Cubans are asking who their neighbors are as they digest the news that the US has brought criminal charges against Cuba’s 94-year-old former president, Raúl Castro. For the first time, US military strikes on the island are being considered a serious possibility.

Anger in Havana Over US Threats

There is anger at Washington from a population that had previously lost its faith in its own government. “How dare they?” said a teacher in Havana, who was considering attending a march against the indictment on Friday morning. “I’d never normally go to something like that, but it’s despicable. Who are they to threaten us in such a way?”

The incident core to the US indictment of Castro involves the shooting down of two unarmed Cessna planes by Cuban fighter jets in 1996. Four people died in the incident, which was seen at the time as an atrocity and a terrible strategic error.

Historical Context and Diplomatic Tensions

What is less remembered is that it wasn’t a surprise. Eloy Gutiérrez Menoyo, a first rebel leader to enter Havana under Fidel Castro but by then living in exile, told a reporter: “Everybody here knew something was going to happen to the planes.”

Brothers to the Rescue, a group founded by Bay of Pigs veteran José Basulto, originally aimed to spot Cuban refugees trying to reach the United States. By the mid-90s, it had turned to provocation by buzzing Cuba and dropping leaflets. According to the book Back Channel to Cuba by William LeoGrande and Peter Kornbluh, Fidel Castro himself said the US would never tolerate such actions over its own capital.

Their most provocative act in 1995 came on July 13, when Basulto’s Cessna Skymaster buzzed Havana, raining down thousands of religious medallions and leaflets reading “Brothers, Not Comrades.” Despite pleas from the Cuban government, the US continued to tolerate the flights. Eventually, the Cuban leadership snapped. “Fidel was trying to find a diplomatic solution, he had sent several messages to Bill Clinton saying, ‘You have to stop this, we cannot stand it,’” said Carlos Alzugaray, who was Cuba’s ambassador to Brussels at the time.

Current Pressures and US Indictment

The pressure the Cuban government is facing now is greater than it was in the past. The recent indictment followed weeks in which surveillance aircraft have circled the island, suspect intelligence reports have suggested that Cuba has drones and poses a threat to the US, the CIA director landed in Havana to tell Cuban officials to stop cozying up to Russia and China, and the aircraft carrier group Nimitz entered the Caribbean.
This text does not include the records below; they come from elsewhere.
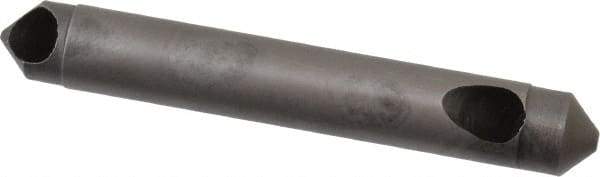 Weldon - 1/4" Shank Diam, 90° High Speed Steel Countersink - Bright Finish, 1-3/4" OAL, Double End, Straight Shank, Right Hand Cut - Apex Tool & Supply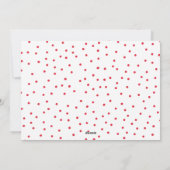 かわいいサンタ抱きトナカイ家族クリスマスフォト シーズンカード (裏面)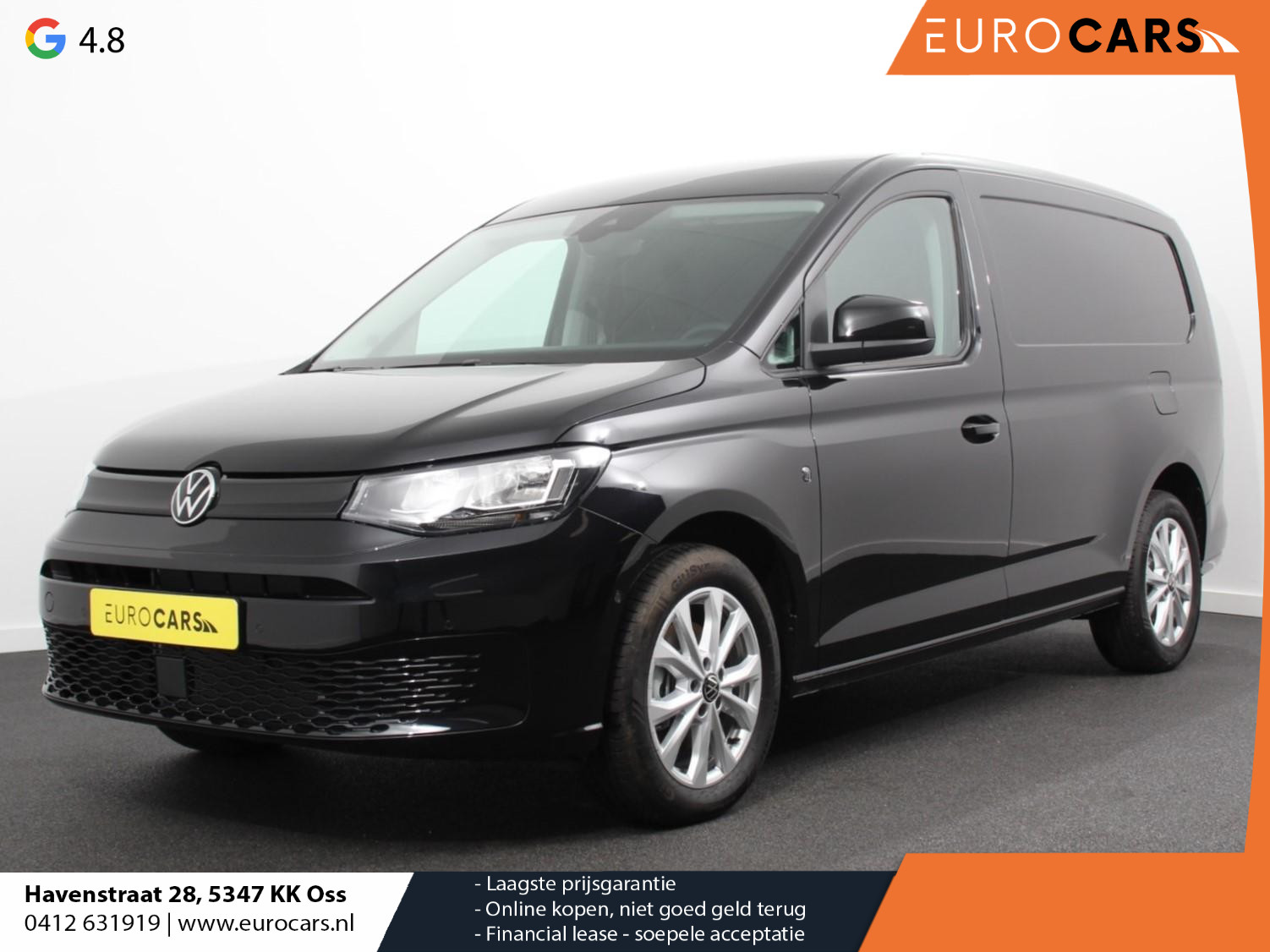 Volkswagen Caddy Cargo Maxi 2.0 TDI 122pk DSG Style Demo! | Navigatie | Airco | Lichtmetalen velgen | Betimmering | Trekhaak | Parkeer sensoren |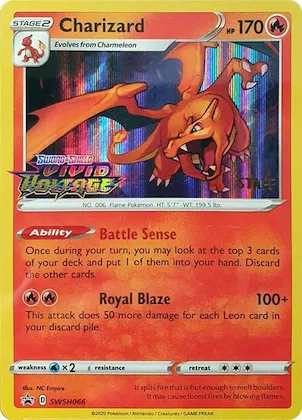 Charizard - SWSH066 (Prerelease) [Staff] swsh66 – SCSC Promokarten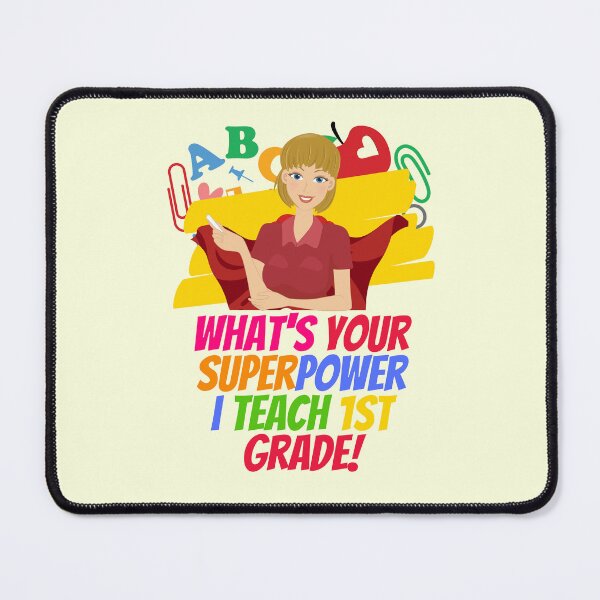 Item preview, Superpower First Grade Teacher  designed and sold by superteachers.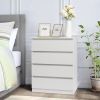 FCH Wood Simple 4-Drawer Dresser White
In a speech directed to the Cuban people, Marco Rubio, the Cuban American US secretary of state, said: “You, who call the island your home, are going through unimaginable hardships. Today I want to tell you what we, in the US, are offering to help you not only alleviate the current crisis, but also to build a better future.” He blamed the Cuban government for the 22-hour blackouts Cubans are enduring, despite the four-month US oil blockade and nearly 70-year embargo.

Rubio also addressed Cuban concerns about the proportion of the economy controlled by the Cuban military. “They buy fuel for their generators and their vehicles while the people are asked to sacrifice,” he said. It was widely seen in Cuba as a clever and well-informed speech. Recently, Rubio had offered Cuba $100m in aid, which on Thursday he said had been accepted, but he did not confirm whether Washington would agree to Havana’s terms.

Alongside such efforts to make Cuba dependent, US sanctions have been effective in driving out non-US businesses operating in Cuba. On Thursday, World2Fly, a Spanish charter airline, joined the many others that have stopped flying to the island.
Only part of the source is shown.